# color calibration



## carolwrite (Jul 5, 2006)

I just received a new batch of digital photos which i had 'tweaked' before i sent them to be printed. The printed colors do NOT match what showed on my screen. I understand I may need software like Spyder2 to calibrate the colros on my monitor. 

The question--i work with a laptop w/o separate monitor. Will this software be effective on my laptop screen? It seems logical that there should be no difference, but then software is often not logical.


----------



## Big Mike (Jul 5, 2006)

Yes, Spyder2 is compatible with CRT and LCD (flat panel & laptop) screens.

I got Spyder2 Express and installed it just minutes ago...so far, so good.


----------



## kelox (Jul 5, 2006)

i was just looking at these tonight. yes they will work with your laptop.


----------



## usayit (Jul 5, 2006)

Spyder 2 installed here too.... 2nd month since installed.  Works pretty well except the version I have doesn't support dual head (monitor).  No big deal, secondary monitor is used as additional desktop space for the tools in photoshop anyways.


----------



## markc (Jul 5, 2006)

The problem is that you need to profile the printer also.

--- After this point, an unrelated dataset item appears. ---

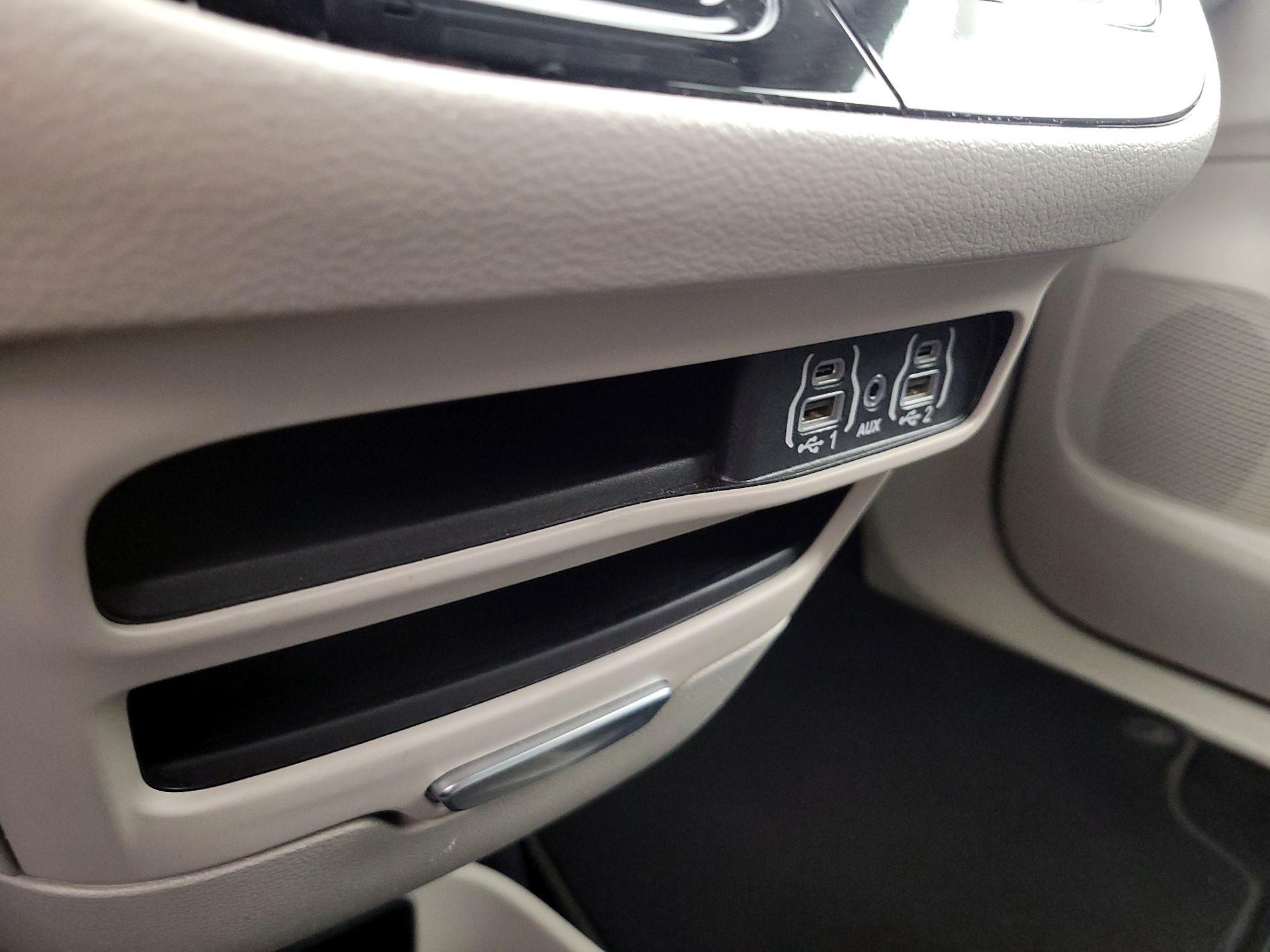 Thumbnail: 2023 Chrysler Pacifica - 18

http://www.drycreekphoto.com/Learn/profiles.htm

Calibrating the monitor ensures that it shows the image acurately when on the screen, but all printers print differently. You need an ICC profile so that you can soft-proof the image in Photoshop. You might have to make additional adjustments based on what printer you will be using. Some print shops provide ICC profiles for the printers they use, or if you have a scanner that's also calibrated, you could create one yourself by having a print made. In my case, when I bought my quadtone inkset, I sent the company a print from my printer and they scanned it with a colormeter and sent me the ICC profiles for each type of paper I used.


----------



## carolwrite (Jul 6, 2006)

markc said:
			
		

> The problem is that you need to profile the printer also.
> 
> http://www.drycreekphoto.com/Learn/profiles.htm
> 
> Calibrating the monitor ensures that it shows the image acurately when on the screen, but all printers print differently. You need an ICC profile so that you can soft-proof the image in Photoshop. You might have to make additional adjustments based on what printer you will be using. Some print shops provide ICC profiles for the printers they use, or if you have a scanner that's also calibrated, you could create one yourself by having a print made. In my case, when I bought my quadtone inkset, I sent the company a print from my printer and they scanned it with a colormeter and sent me the ICC profiles for each type of paper I used.



Thanks for that input. I had noted that recommendation where I picked up the spyder2 info, but I don't print my own pics. I want archival quality and those printers are a bit pricey.


----------



## carolwrite (Jul 6, 2006)

Thanks for the input!! I look forward to my next prints being better quality, and since I make them at 40-100 ft. underwater and can't run just back to remake them, I want them to be GOOD. Also, I just bought a new digital just for this and expect great pics from it. Furthermore, I want to make my friends envious of all I get to see down under.


----------



## Big Mike (Jul 6, 2006)

I have a question for you Mark...

Now that I have properly calibrated my monitor...should I set my Photoshop working color space to the new Spyder profile?  And then should I change the color space (to sRGB) before I upload or send out for printing?  Or should I keep the working space the same as the files from my camera (sRGB)?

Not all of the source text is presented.